Cast your mind back to the 2010 World Cup (don't worry, I'm not going to ask you to recall England's disastrous involvement). After scraping through their qualifying group on goal difference, North Korea reached the finals for the first time in almost 50 years. Their participation was to be a memorable one. On 15 June at a rain-soaked Ellis Park they took on five-time champions Brazil. As the teams lined up, Korea's star player Jong Tae-Se burst into tears. Some suggested he was crying through the fear of what would happen were the side to meet expectations and succumb to defeat. Perhaps. What it is far more likely that we were witnessing was the sheer emotion felt by Tae-Se of playing in his country's biggest game in decades. Amazingly, Korea managed to hold out for 55 minutes before conceding, and gained much praise in a far-from-disgraceful 2-1 defeat. Tae-Se was awarded man of the match after an energetic performance from the industrious striker.
North Korea's involvement in the tournament far transcended their footballing participation. They crashed out, losing all three of their group games (the 7-0 defeat to Portugal in their second match being the first match ever to be shown live in the country; in hindsight this probably wasn't the ideal game to broadcast). However, what was achieved was a new and refreshing insight into the world's most secretive regime. Firstly, the lengths taken by Pyongyang to maintain image were exposed to a massive audience; from tales of the broadcast bans, to the Chinese rent-a-fans deployed to follow the team at their matches.

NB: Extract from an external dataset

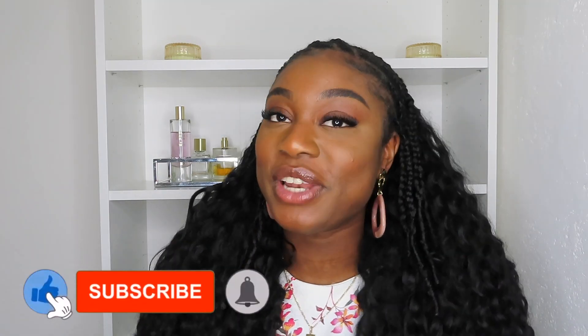Hi guys, welcome back to my channel. My name is Thelma Oswego and in today's video you guys are going to see how I style these Vellani braids crochet braids in different styles. Because I go to work almost every day, I have to make sure my hair is presentable. I've been loving these braids and wearing them for a few days, and I thought let me just film this hairstyle for you guys.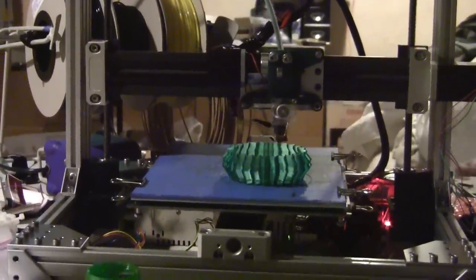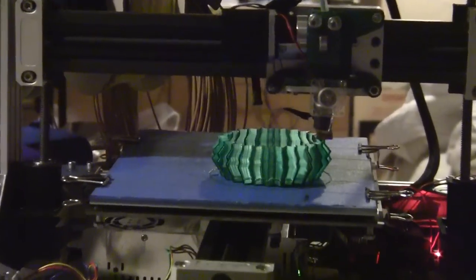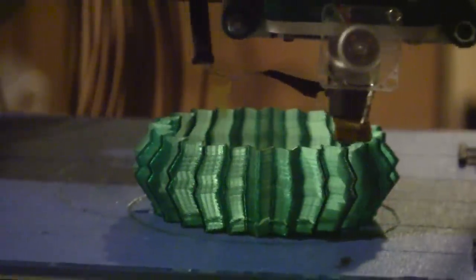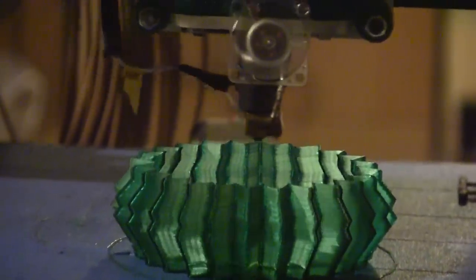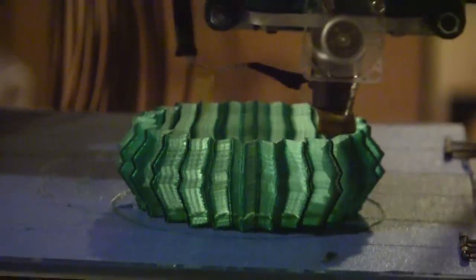I just wanted to show how fast this Illuminatus is printing this Christmas tree at super precision. Look at that — this is at 280 mils a second. I don't know if you can tell from this video, but it's so perfectly aligned. Just a single wall thick print.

More importantly though, the world was given a chance to glimpse behind the iron curtain and see the human face of the often nebulous concept of 'North Korea'. Their striker's tears went didn't highlight indoctrination, but showed the raw pride felt in pulling on the national jersey. As TV camera crews followed the team during their preparation, viewers didn't see the single-file automaton ambassadors that might've been expected, but 23 exuberant young men, laughing as they played daft warm-up games in training and pictures of sheer delight as they visited a Cape Town zoo. Football afforded the players a unique opportunity to see outside North Korea, and the rest of the world the chance to peek in.
What prompted me to cast my mind back to North Korea's journey were videos of the hysterical outpourings of emotion in Pyongyang following the announcement of Kim Jong-Il's death shown on various news channels, recalling the very different kind of tears shed by Tae-Se. His were not the product of years of indoctrination, or meticulously planned media-stagecraft, but testament to what sport means to people regardless of the regime they live under. With Kim Jong-Il's death part of the seemingly impenetrable opacity of North Korea may have just been breached. Maybe one day the world will get to see 'the real Korea'. Until then however, we have to find alternate ways of understanding this most complex of regimes; I'd argue that football isn't a bad place to start.